In some ways, China’s assertiveness is understandable. As long as China was the dominant party along the border, it could continue with the facade of upholding peace and tranquility. After all, that was on its terms. Indeed, it is India’s assertion of its interests in the region in the last few years that has emerged as the sticking point. The militarization of the LAC is taking place at an unprecedented pace today partly because Indian infrastructure is in much better shape and Indian patrolling is far more effective—simply put, the Indian military now has presence in areas where the Chinese military was not used to seeing it. India is also now ready to take Chinese aggression head-on, thereby getting ready for a more volatile border. If a lasting solution to the border problem is not found, therefore, greater turbulence along the LAC will continue to be the new normal.

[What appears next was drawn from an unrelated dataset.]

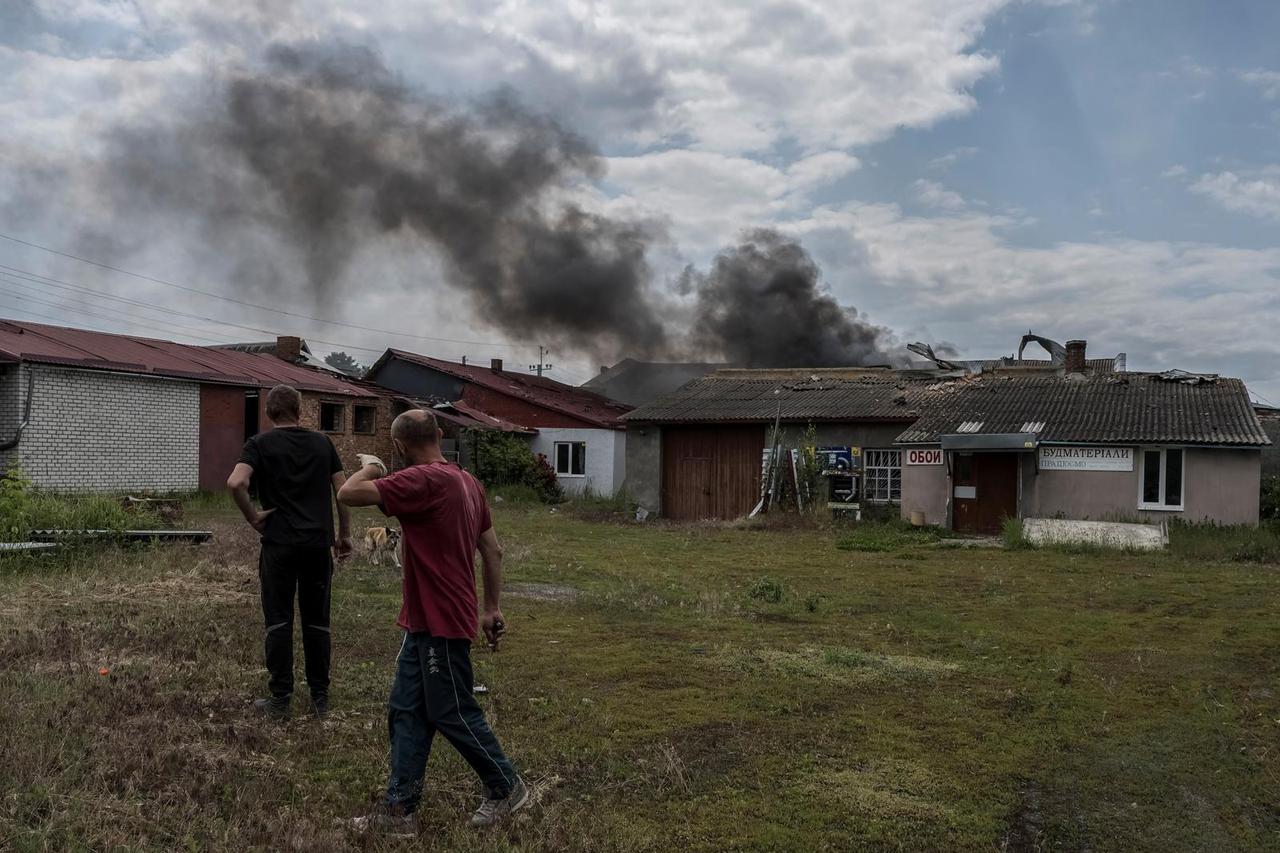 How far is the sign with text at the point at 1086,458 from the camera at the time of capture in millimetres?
19969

To be sure, China remains a significantly more powerful entity, and its infrastructure is in much better shape. But Indian infrastructure development has reached a critical point. And it is not without reason that the Chinese opposition to one project in particular is so vehement. The 160-mile-long strategic Darbuk-Shyok-Daulat Beg Oldie Road—which will connect the Indian city of Leh to the Karakoram Pass, the historic trade route through the Karakoram mountain range that links Ladakh to China’s western regions—is India’s frontal challenge to China’s expansionist designs in the region. Despite Chinese objections, India has continued to pursue this project. China raising the temperature on the border is a further attempt to dissuade India from moving ahead.

Indian foreign policy has been at the front and center of challenging China’s global designs. New Delhi was the first country to warn the world of the dangers of China’s Belt and Road Initiative (BRI) at a time when almost every other country was willing to buy into Beijing’s narrative that the project was meant to spur global infrastructure development rather than to enrich Chinese businesses. Today, India’s framing of the BRI is widely accepted by most major global powers. Given that the BRI is very much also a vanity project for Xi, India’s role in shaping the global opposition to it must be particularly galling. India has also managed to shape the global discourse on the Indo-Pacific and is now working closely with like-minded regional players to give it operational heft. And at a time when the Trump administration is attempting a process of trade and technology decoupling with China, Washington and New Delhi are closer than ever. Chinese attempts to marginalize India on the global stage have not worked, and New Delhi’s cache has only increased.

And so China has opted for the blunt instrumentality of force, hoping that it would teach India a lesson. The reality is that Chinese actions have ended up producing exactly the opposite effect. Indian public opinion, which was already negative on China, has now become even more strongly anti-Chinese. Those in India who have been talking about maintaining an equidistance from China and the United States today find it hard to sustain that position. And New Delhi has become freer to make policy choices, both strategic and economic, that are anti-China. From reducing trade dependence on China in key strategic sectors and walling off critical sectors from Chinese entry to galvanizing global support for the Indo-Pacific, India’s response has been across domains.

None of these options is cost-free for India. But China’s actions have ensured that today India is ready to bear those costs. India’s military and diplomatic responses to Chinese aggression have made it clear that New Delhi is neither without options nor is it reticent in choosing them. It is now for China to make up its mind about whether it wants a permanent foe in India or a neighboring country with which it can do business. Whatever the choice Beijing decides to make, it will determine the strategic landscape of the Indo-Pacific.